Crawled caption data
☆ ☆ ☆
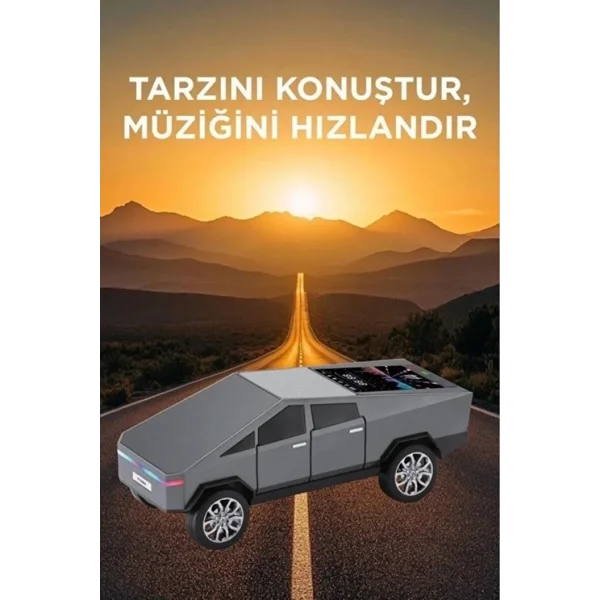 D68 Cyber Model Araba Tasarımlı Bluetooth Hoparlör 15w Güçlü Ses Rgb Led /tws/usb Gri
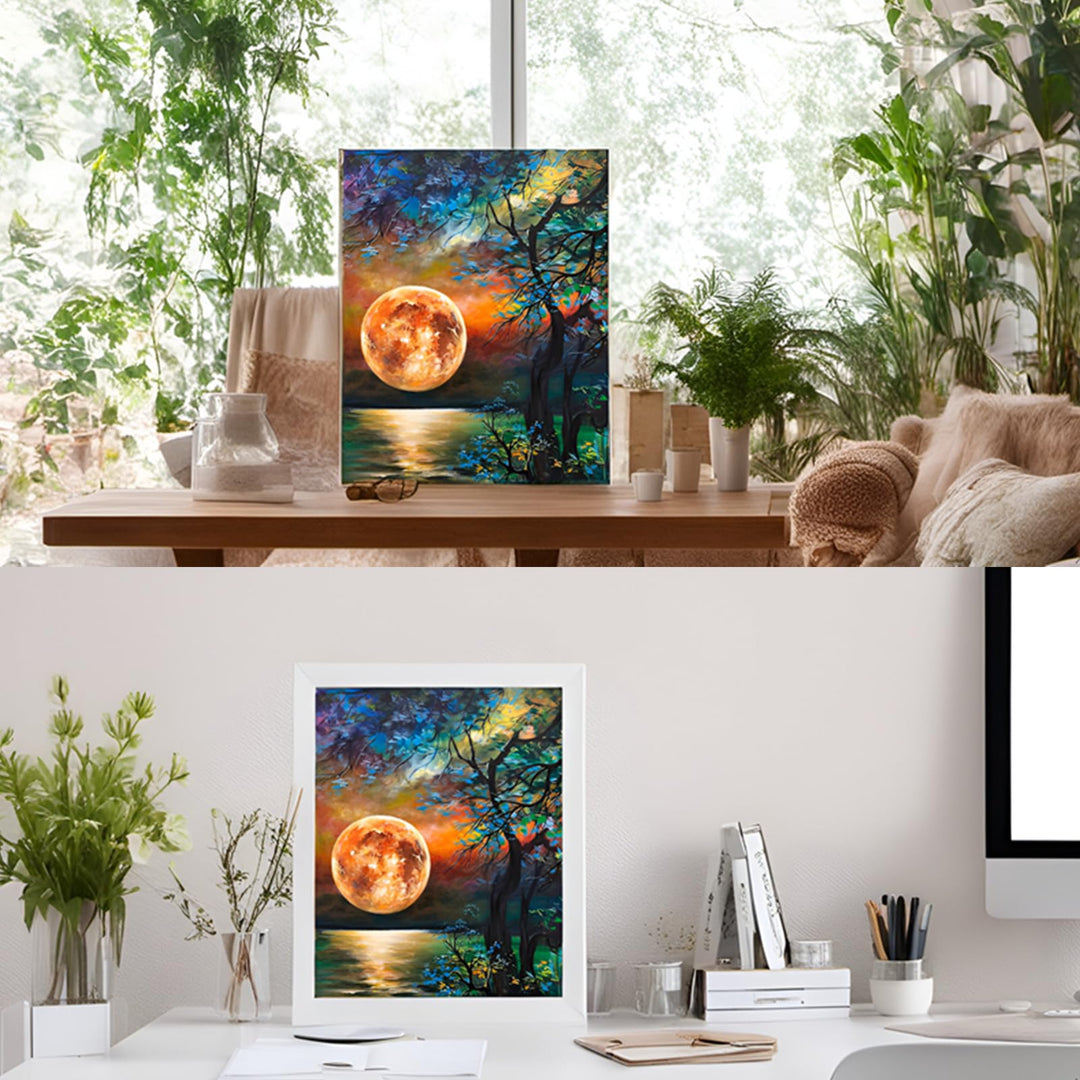 Large Diamond Art Kits for Adults - Moon 5D DIY Diamonds Painting Dots Art for Adults Full Drill Round Gem Painting Crystal Craft Kit for Adults for Wall Décor (20x16inch Moon) (20×16in, Moon)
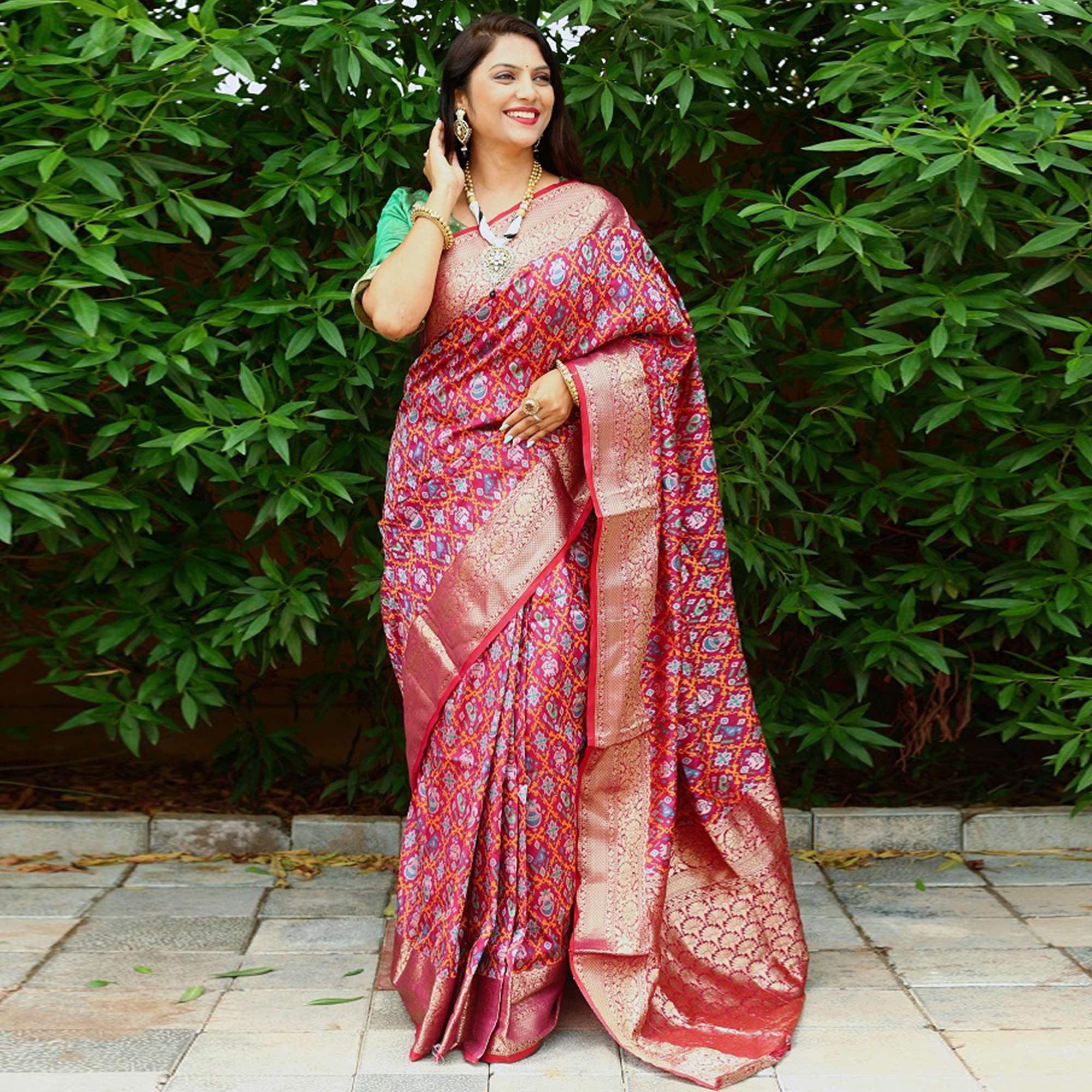 Wine Ikkat Printed Art Silk Saree - Peachmode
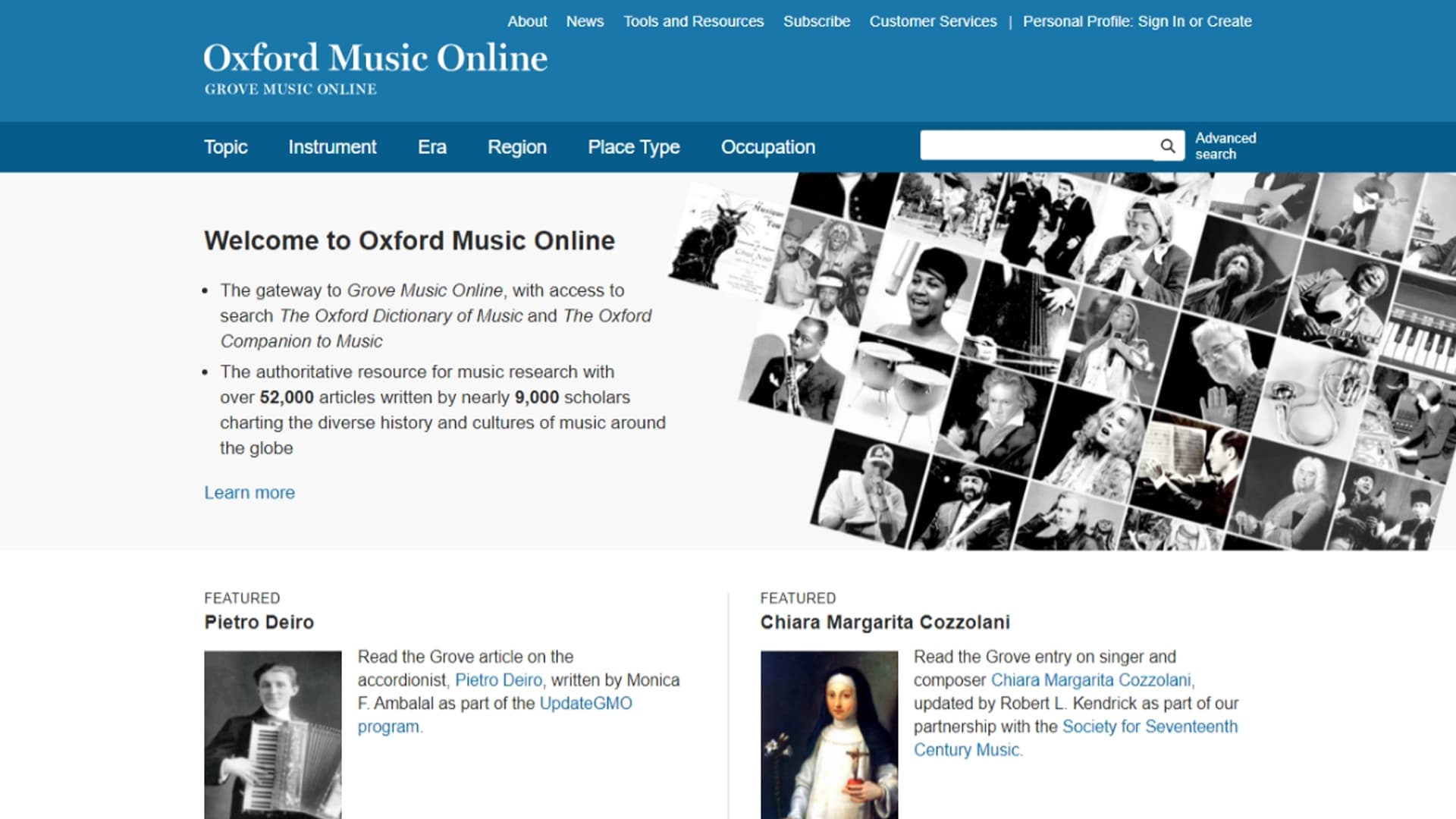 Screenshot of Oxford Music Online homepage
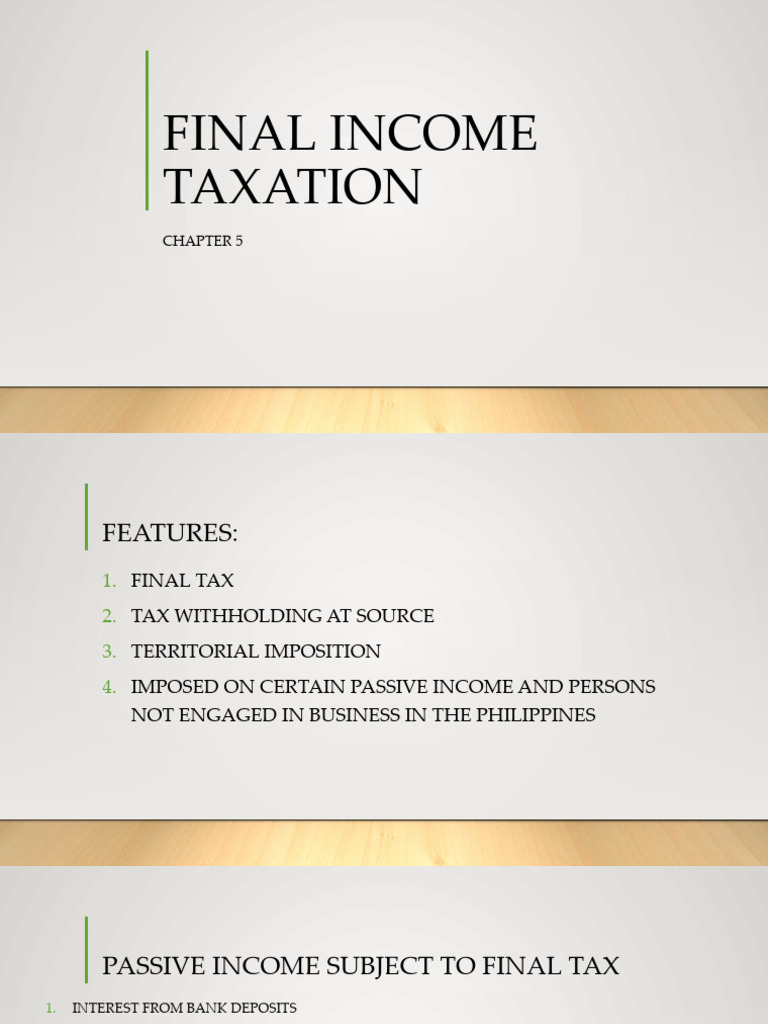 Chapter 5 - Final Income Tax | PDF | Dividend | Taxes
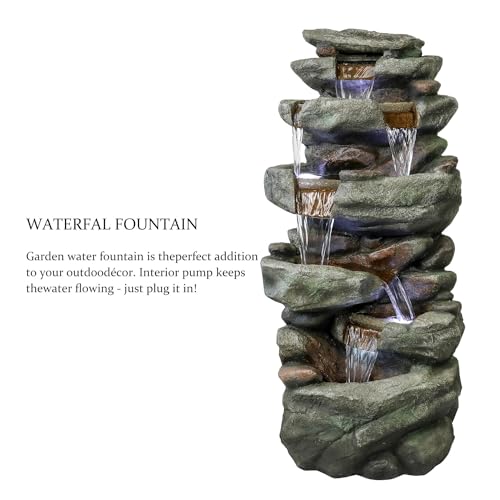 40.5” High Rocks Outdoor Water Fountain with LED Lights
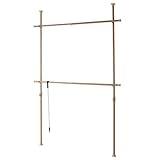 山善(YAMAZEN) 突っ張りポールハンガーラック ダブル (高さ190-260cm) ナチュラル(木目) WJ-775R(GNA)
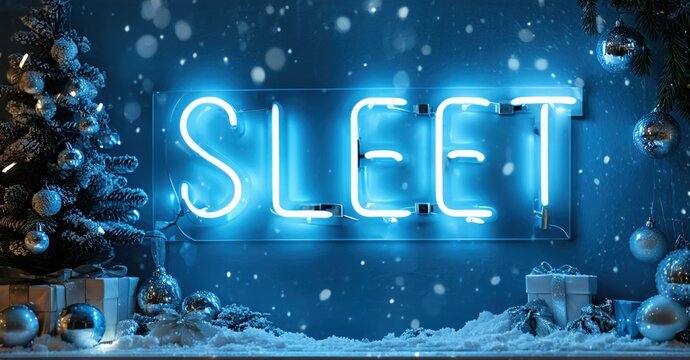 Winter scene. Bright neon sign spells SLEET. Snowflakes fall around Christmas tree, gifts. Festive, cool blue tones dominate image. - Powered by Adobe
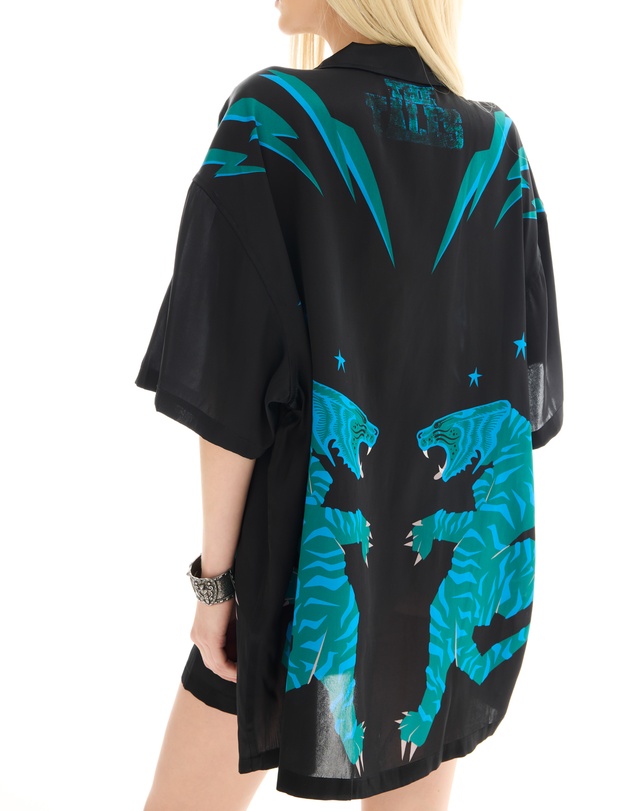 THE TALES - Osaka Tiger Silk Shirt Dress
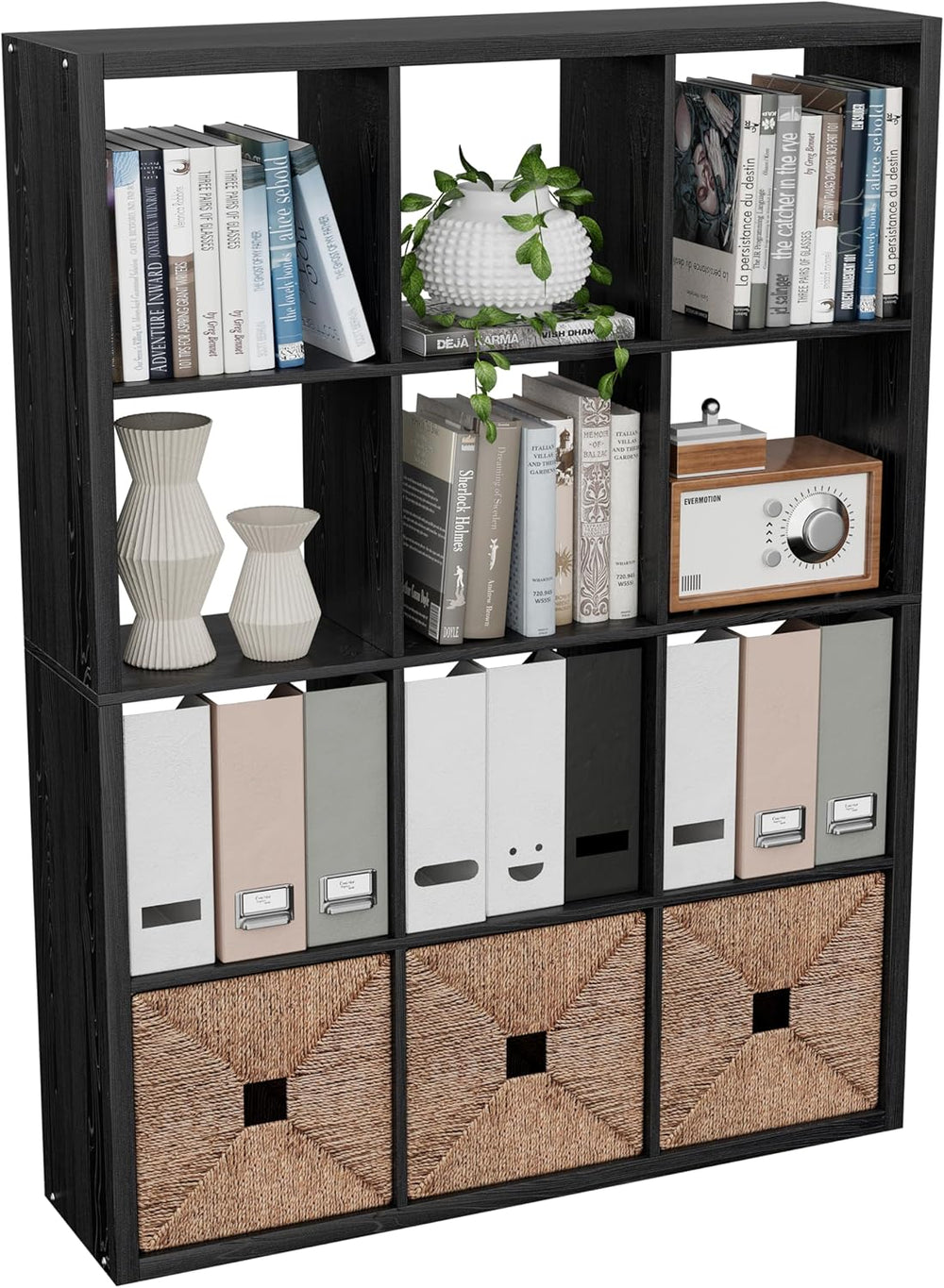 Cube Storage Organizer Bookcase, Decorative 11 inch Open Back Cubical Shelf w...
☆ ☆ ☆
| Required action |
Please repeat the entries above exactly, leaving out any pictures.

| Response to the task |
 D68 Cyber Model Araba Tasarımlı Bluetooth Hoparlör 15w Güçlü Ses Rgb Led /tws/usb Gri
 Large Diamond Art Kits for Adults - Moon 5D DIY Diamonds Painting Dots Art for Adults Full Drill Round Gem Painting Crystal Craft Kit for Adults for Wall Décor (20x16inch Moon) (20×16in, Moon)
 Wine Ikkat Printed Art Silk Saree - Peachmode
 Screenshot of Oxford Music Online homepage
 Chapter 5 - Final Income Tax | PDF | Dividend | Taxes
 40.5” High Rocks Outdoor Water Fountain with LED Lights
 山善(YAMAZEN) 突っ張りポールハンガーラック ダブル (高さ190-260cm) ナチュラル(木目) WJ-775R(GNA)
 Winter scene. Bright neon sign spells SLEET. Snowflakes fall around Christmas tree, gifts. Festive, cool blue tones dominate image. - Powered by Adobe
 THE TALES - Osaka Tiger Silk Shirt Dress
 Cube Storage Organizer Bookcase, Decorative 11 inch Open Back Cubical Shelf w...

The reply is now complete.